Alzheimer's research director leaves USF
By ANITA KUMAR, Times Staff Writer
Michael Mullan's resignation last month came as USF concluded a yearlong investigation of allegations he sexually harassed three women who worked for him.
His resignation had nothing to do with the accusations, Mullan said. The Roskamp Institute he headed merely outgrew the university, he said.
Mullen led the institute since it began in 1998 with a $5-million grant from Longboat Key philanthropist Robert Roskamp to develop a drug that could cure the degenerative brain disease.
The Roskamp Institute will move to Sarasota, while the related Memory Disorder Clinic, which Mullan also ran at USF, will move to another location in Tampa. Most of the 40 people who work at the two centers will accompany Mullan.
"The Roskamp Institute is recognized as one of the top institutions in Alzheimer's research," said USF professor Fiona Crawford, who worked at the institute and remains a supporter of Mullan. "This is a huge deal. It's very sad for USF."
USF is one of the preeminent centers of Alzheimer's research in the nation. Even without Roskamp, the university has dozens of scientists working on various aspects of research, including a vaccine.
The university also will soon be home to a $25-million research center thanks to Florida House Speaker Johnnie Byrd, R-Plant City. Byrd, whose father died of the disease, earmarked the money in the state budget.
University officials downplayed the departure of Mullan, who was part of a British team of researchers who in 1990 discovered a gene that causes the disease, which produces dementia and memory loss in more than 4-million Americans.
"We're still one of the world's hotbeds of Alzheimer's research," said James Mortimer, director of USF's Institute on Aging, "and will continue to be so."
"He has to do whatever's best for him," said Robert Daugherty, dean of USF's College of Medicine. "We'll miss that research, but we'll continue to grow and seek other people."
USF president Judy Genshaft declined to comment. Other university officials refused to talk about Mullan or the sexual harassment allegations.
Some of the allegations date to 1997. USF launched its first investigation several years ago, but a second inquiry began after Daugherty arrived after September 2000.
The investigation concluded last month about the same time Mullan sent his Jan. 20 resignation letter to Genshaft. The report remains closed to the public to allow Mullan time to appeal. Mullan said he plans to appeal.
Mullan insisted Wednesday that his resignation had nothing to do with the investigation, which he said exonerated him.
"It's just rubbish," Mullan said. "That sounds like USF spin to me. If USF wants to put some spin on my resignation then that's what they do.
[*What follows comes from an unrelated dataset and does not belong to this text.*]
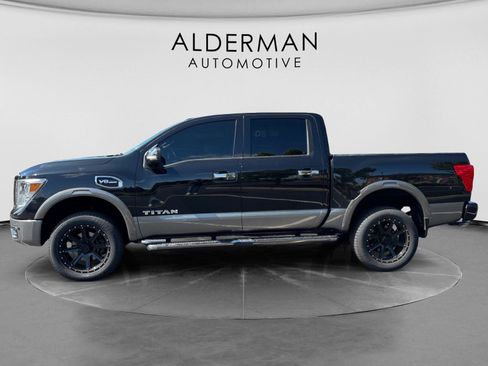 Used 2017 Nissan Titan Platinum Reserve AWD/4WD image 2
This is the way USF does business."
Roskamp said he was aware of the allegations and the investigation when the institute began, but he looked into them and was not concerned about them. He said he fully supports Mullan.
"Dr. Mullan and I will be together, hopefully, forever," he said.
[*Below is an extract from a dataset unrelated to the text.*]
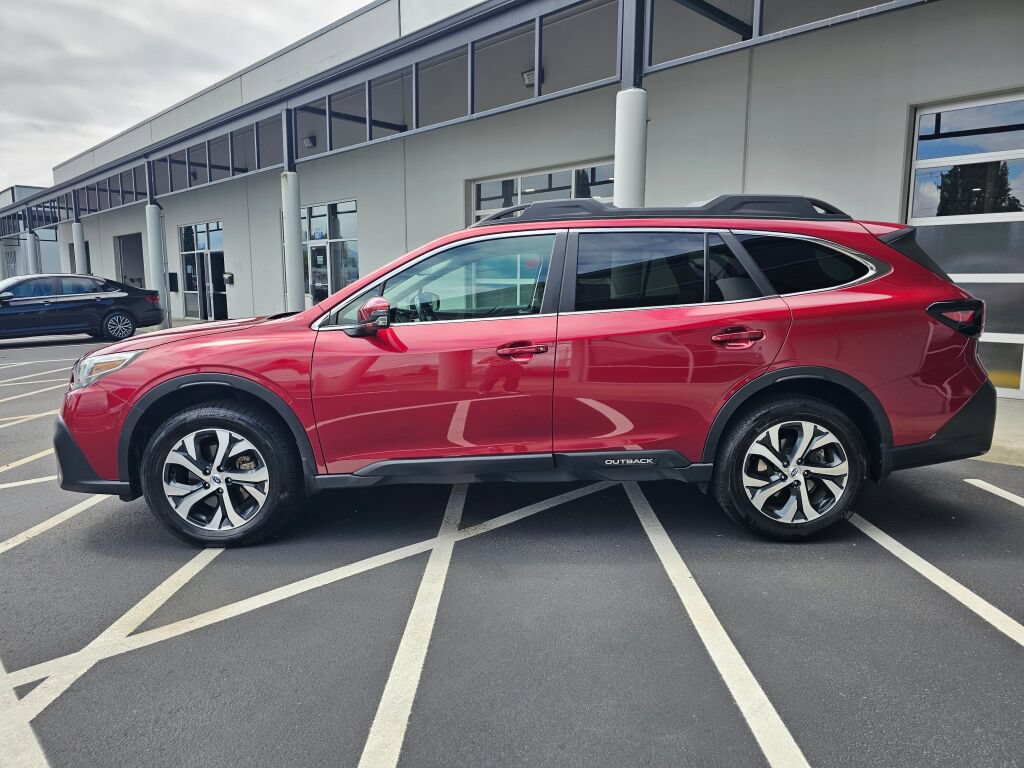 Used 2021 Subaru Outback Limited w/ Popular Package #2 AWD/4WD image 2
Mullan and Roskamp said they spoke to university officials seven months ago about leaving USF, even though the original $5-million gift does not run out until this summer.
"Eventually, you outgrow your space and eventually you grow up," Roskamp said. "It's time for us to go."
USF still is owed $80,000 for the remainder of the gift, which was administered through the school. USF spokesman Michael Hoad said the school will not try to get the rest of the money.
Mullan and his supporters said Daugherty was angry at Mullan for telling Byrd he should not give the $25-million state gift directly to USF. Byrd, who could not be reached for comment, chose to let a separate nonprofit group administer the money.
The Roskamp Institute has worked with and received millions of dollars in other grants and gifts from the federal government, private labs and other schools over the years. Last year, its budget was $4-million.
The institute has worked on discovering an antibody that would reduce two telltale characteristics of the disease, analyzing whether common drugs that ease joint pain might stave off the disease and determining how the immune system attacks the brain.